Concentrate on the Basics
There is more about reading below but essentially children need to have a sound knowledge of the basics and be skilled in doing basic process so they can become confident learners. Things like being able to count well, knowing number bonds to 10 then 20, being comfortable with times tables – start with 2’s, 5’s and 10’s, – will help them feel confident as they go through school. So if it becomes apparent that they don’t know these and you can see they are meant to then give them help by doing extra practice at home. Other subjects are also important but making sure they grasp the basics of Maths and Reading will prevent them becoming discouraged.
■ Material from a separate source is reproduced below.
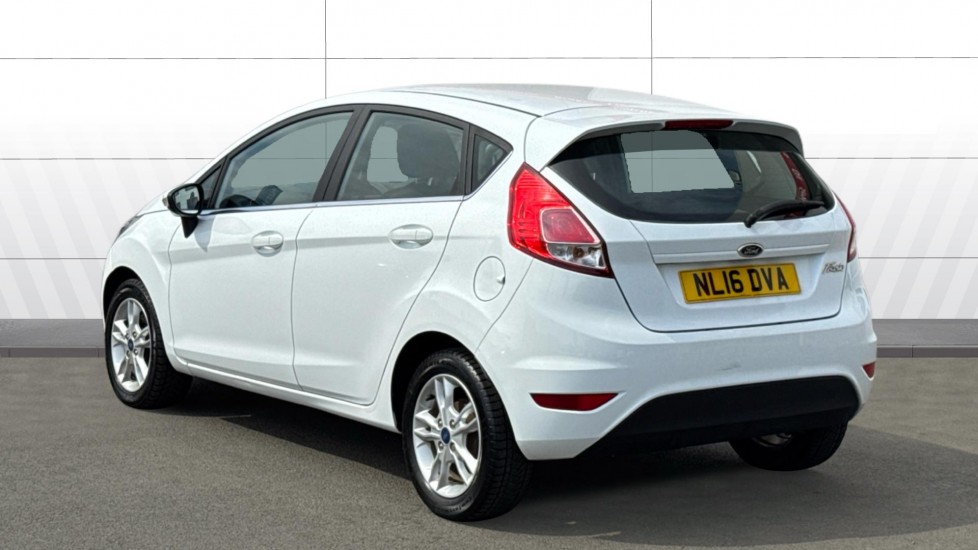 Ford Fiesta 1.25 82 Zetec 5dr Petrol Hatchback - Image 2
Reading is central to many aspects of learning. Start reading to babies and toddlers then read with children as they learn to read BUT don’t stop, encourage older children to read by sharing stories or even reading the same book independently – i would recommend that every parent reads their teenagers GCSE texts. As a family have times when the TV is off and books or kindles are being read. IF at any point you notice your child is struggling with reading GET HELP. It usually doesn’t get better spontaneously and if they struggle with reading they will often struggle with many other aspects of school. Ask the school how they teach initial reading – if it is not a recognized synthetic phonics programme, like Sounds-Write find out why and and perhaps direct them to the confusion that can occur when mixed method teaching is used. If you wan to learn more yourself try following the links below.
For more info on the confusion teaching using different approaches can cause click here
For a good video explaining how confusing approaches other than a synthetic approach can be click here
And you can find out more about Sounds-write here
As a parent YOU will have a huge influence on how well your child does in school and on the attitude they have to learning and education so give them your best shot. Good Luck.